The whole potty-training thing is similarly fuzzy, too, though I imagine it was pretty traumatic; to this day my parents refuse to speak of it.
But when it comes to childhood milestones and rites of passage and phases, I believe I was pretty average.
However, I know my whole afraid-of-the-dark stage lasted longer than it does for most folks. For years I huddled under the covers in my own house, wary of all manner of things that go bump in the night.
But eventually, with enough consolation and the unwavering support of my wife and kids, I can comfortably say I’m no more afraid of the dark than any other emotionally stunted middle-aged fraidy-cat.
So it was with more than a little trepidation that I began riding my bike home from work in the middle of the night. It’s one thing to ride in the light of day, but another in the early-morning hours that happen to just about coincide with bar closing time.
No matter how bright my headlight, I was awfully jumpy my first few night rides a couple of years ago. Every shadow held some danger, every sound some threat.
Now, however, I’ve ferreted out every bogeyman hiding spot, and the familiarity that comes with covering the same few paths a few hundred times makes it easier to keep from jumping out of my own skin.
That said, it’s still awfully easy for the combination of reduced vision, heightened other senses and a wandering, imaginative mind to produce some moments of unease.
Road debris is mistaken for snakes.
Raccoons can be seen as cats (note to self: raccoons waddle; cats do not).
The other night, I was spinning along on a windy night when I saw something brown headed straight for me. My mind became convinced I was under attack by a massive marmot. (A marmot? Really?) It was merely an empty plastic bag, caught by the breeze.
Once I happened upon a couple in a darkened alley, and she appeared to be in some distress. The male half was performing the Heimlich Maneuver. Fearing she was choking and in need of aid, I veered their way to offer assistance, or at least call the authorities, when I quickly figured she wasn’t choking, and that wasn’t the Heimlich he was performing. I rode on.
Just last week, I was riding home and was surprised to see a man walking his dog while wearing a white “Tron” outfit (the man, not the dog). For those without my middle-aged geek pedigree, the actors in the original “Tron” movie wore skin-tight body suits that appeared to be etched with electronic circuitry. Turns out the guy was simply — but equally creepily — wearing a skin-tight, white track suit.
But by far the spookiest sight came a few years ago, when I rounded a corner across from an elementary school later than usual — I seem to recall it was in the dead quiet of 3 or so in the morning, after an unusually late night at work.
I noticed something in the yard of a house to my left and turned to look.
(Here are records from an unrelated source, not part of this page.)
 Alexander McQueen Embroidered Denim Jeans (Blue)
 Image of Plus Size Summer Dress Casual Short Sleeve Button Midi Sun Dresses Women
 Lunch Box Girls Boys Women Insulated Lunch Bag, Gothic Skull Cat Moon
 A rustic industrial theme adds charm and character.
To my surprise, I saw a person standing at the curb, looking right at me. I peered and was even more unnerved to see it was a young girl, dressed all in white, with a white sun hat and basket of flowers. In the middle of winter.
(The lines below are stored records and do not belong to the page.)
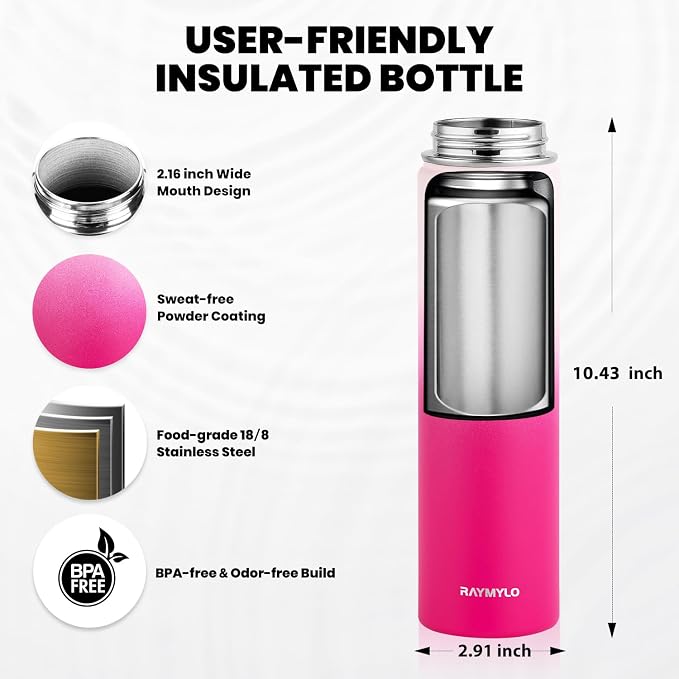 RAYMYLO Insulated Water Bottle 24 oz, Triple Wall Vacuum Stainless Steel | - Image 5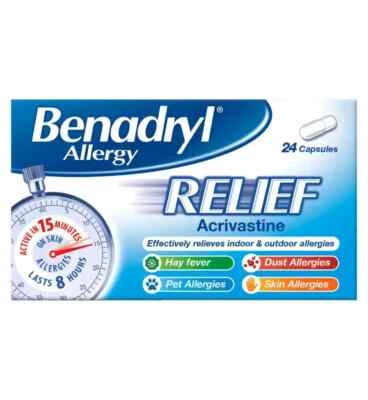 Benadryl Fast Acting Allergy Relief 24/48/72/96 Capsules Hay Fever, Dust, Pollen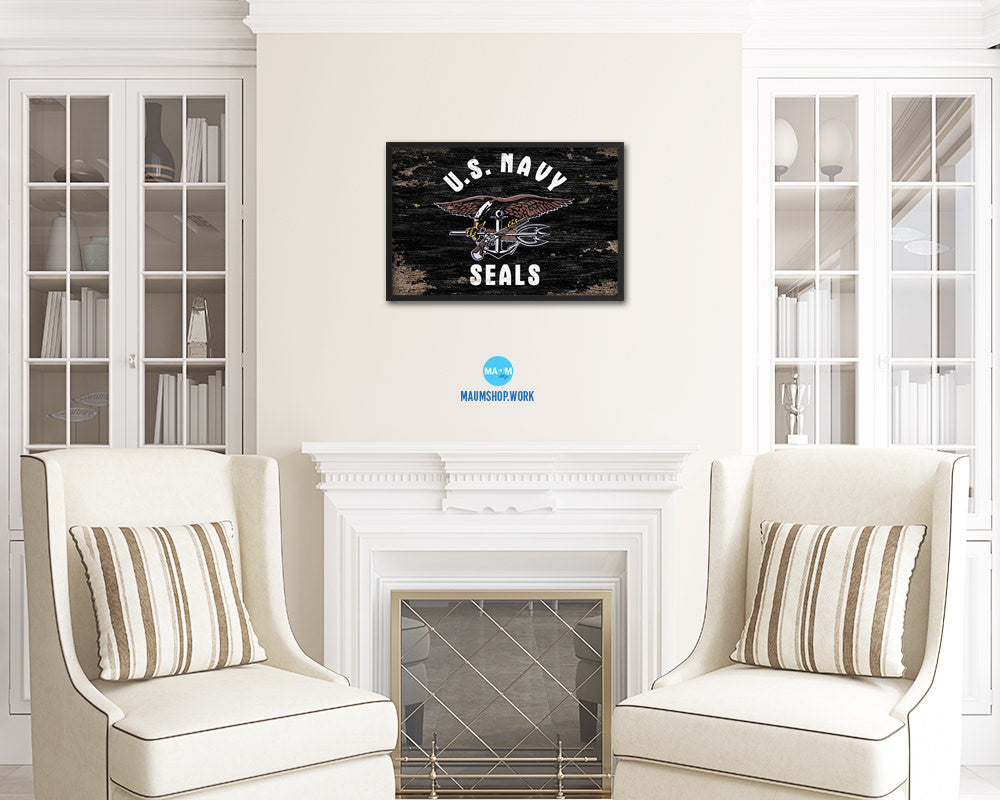 US Navy Seals Shabby Chic Military Flag Framed Print Decor Wall Art Gifts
Naturally, in the dozen or so seconds it took my pea brain to decipher the scene, I concluded no parent would let such a young, inappropriately dressed girl pick flowers in the middle of a winter’s night all alone. Remembering my proximity to the school, my overworked brain concluded I must have been looking at the ghost of a girl run over and killed at that very spot.
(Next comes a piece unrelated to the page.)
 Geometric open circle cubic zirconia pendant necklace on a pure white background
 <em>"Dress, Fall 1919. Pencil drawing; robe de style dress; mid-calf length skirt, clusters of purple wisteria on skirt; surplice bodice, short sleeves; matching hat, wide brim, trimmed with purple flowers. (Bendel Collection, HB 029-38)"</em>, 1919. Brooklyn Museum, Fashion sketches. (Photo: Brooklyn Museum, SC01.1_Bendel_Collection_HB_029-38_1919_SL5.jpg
I’m not a big supernatural guy, but in the dead of night, it’s surprising what thoughts take hold. I beat a hasty retreat.
The next day, I returned to the scene and was surprised to see the ghostly apparition was gone, replaced by a simple white, rock signpost.
I laughed as I rode away and gave thanks that though my childhood fear of the dark still might linger, at least the potty training seems to have a solid foundation.